Tufts of harsh, bristly hair and a white tail tip are among the defining features of a new rodent species discovered in Indonesia. The Spiny Boki Mekot Rat was found in the mountain forests of Halmahera, in the Moluccas (Maluku) archipelago. The region is rich in biodiversity but its wildlife is under threat from logging and mining firms. Scientists hope the new mammal discovery will encourage greater exploration and conservation of the area.
The new rat was found in a remote, hilly region of Halmahera by an expedition team from the University of Copenhagen and Indonesia's Museum Zoologicum Bogoriense. They laid traps baited with roasted coconut and peanut butter, placed on tree trunks and at burrow openings. Among their findings was a previously unknown rodent with coarse, brownish grey fur on its back, and a whitish grey belly. By analysing the rat's DNA and physical features such as its skull and teeth, they determined it was not only a new species, but an entirely new genus.
They named it Halmaheramys bokimekot after nearby Boki Mekot, a mountainous area under ecological threat due to mining and deforestation. "This new rodent highlights the large amount of unknown biodiversity in this region and the importance of its conservation," said lead researcher Pierre-Henri Fabre, from the Centre for Macroecology, Evolution and Climate at the University of Copenhagen. "It's very important that zoologists visit these islands to explore further." Only six of the new rodents have so far been captured: three adult males and three females.

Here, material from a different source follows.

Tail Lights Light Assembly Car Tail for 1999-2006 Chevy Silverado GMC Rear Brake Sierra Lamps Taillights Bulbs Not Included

Little is known about their behaviour, but they are thought to be omnivorous, as the scientists found both vegetable and insect remains in their stomachs. "This discovery shows how much of the richness of life is left to discover, especially in the Indonesian archipelago," says co-author Kristofer Helgen, of the Smithsonian Institution, Washington DC, US. Prof Helgen was among the team which recently discovered a giant rat living in a volcano crater in Papua New Guinea, as well as a new mammal carnivore in Colombia, the Olinguito.
"There are likely to be more undiscovered species of mammals in Indonesia than in any other country in the world," he says. "Finding and documenting them is a task made urgent by huge environmental threats, especially logging and mining." The new rodent also provides clues to how mammals evolved and spread across the "stepping stones" of the Moluccas, known as one of the birthplaces of evolutionary theory. It was here in 1858 when the British naturalist Sir Alfred Russel Wallace famously wrote to Charles Darwin, outlining his ideas on the development of new species.

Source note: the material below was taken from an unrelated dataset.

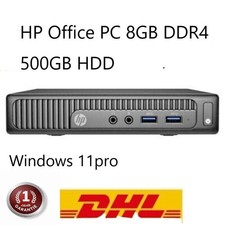 HP 260 G2 MiniPC i3 6100U 2.3GHz 1*8GB DDR4 2,5"HDD 500GB  4*USB3.0 HDMI Win11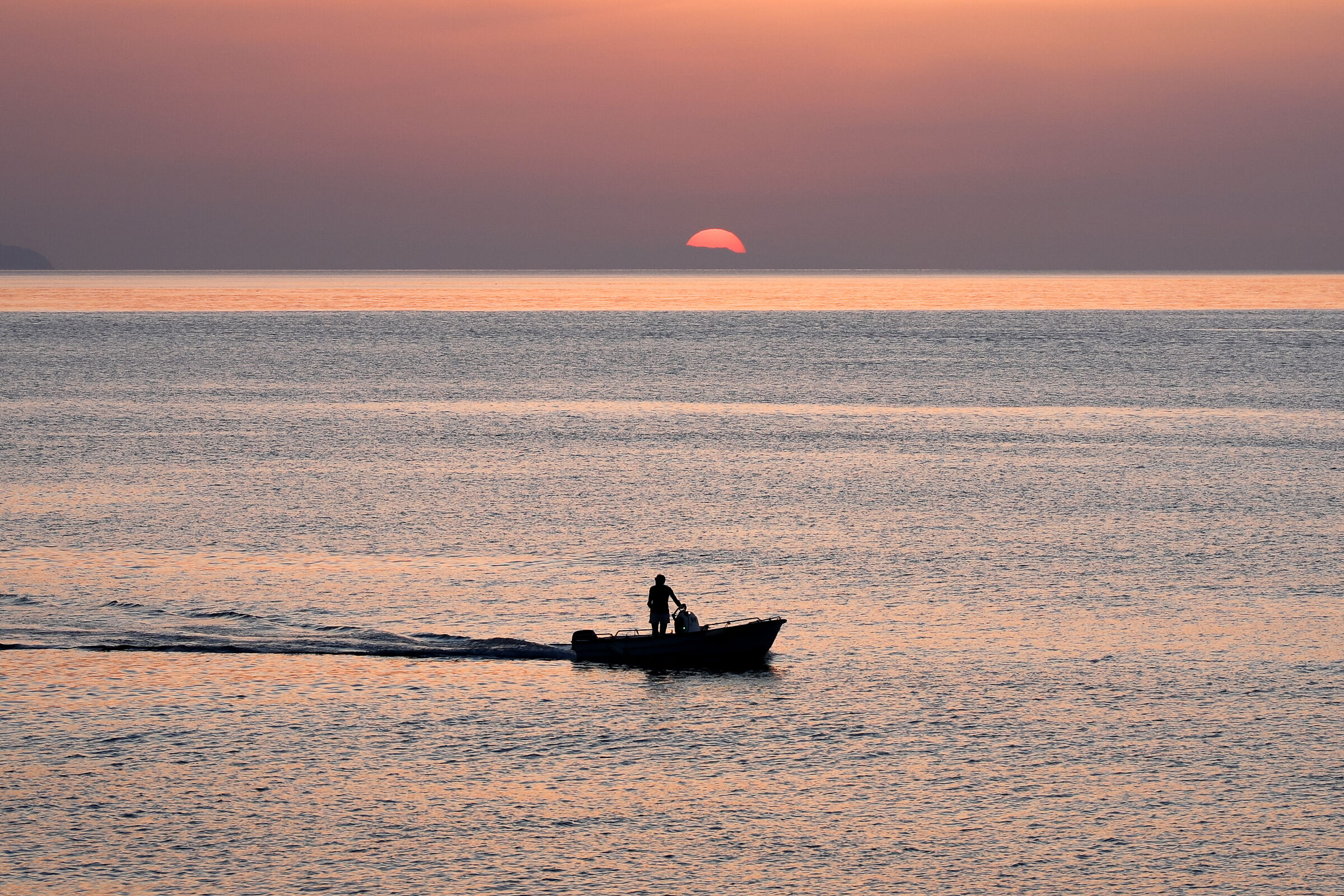 Pescatore al tramonto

The rat could be just one of many undiscovered mammal species in Indonesia's remote mountain forests. Wallace had been struck by the incredible diversity of animals and insects in the Moluccas, a transition zone between Asia and Australasia. He also observed a clear border between species in western and eastern Indonesia, leading him to define a zoological boundary, the Wallace Line. The discovery of this new rodent on Halmahera actually supports Wallace's original drawing of the boundary, the researchers say.

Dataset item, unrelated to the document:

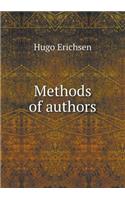 Methods of authors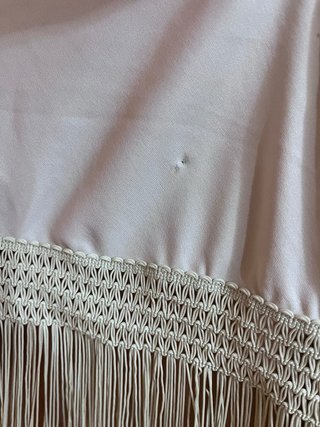 Traje de gitana beige/dorado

Most fauna on the island display eastern, Australasian characteristics. But H. bokimekot is different, its DNA indicates that it first arrived on Halmahera from the west, from Asia. "It's amazing that the spiny rat once again confirms Wallace's thoughts," says Dr Lionel Hautier, at the Museum of Zoology, University of Cambridge, UK. "And as chance would have it, the discovery comes exactly 100 years after his death."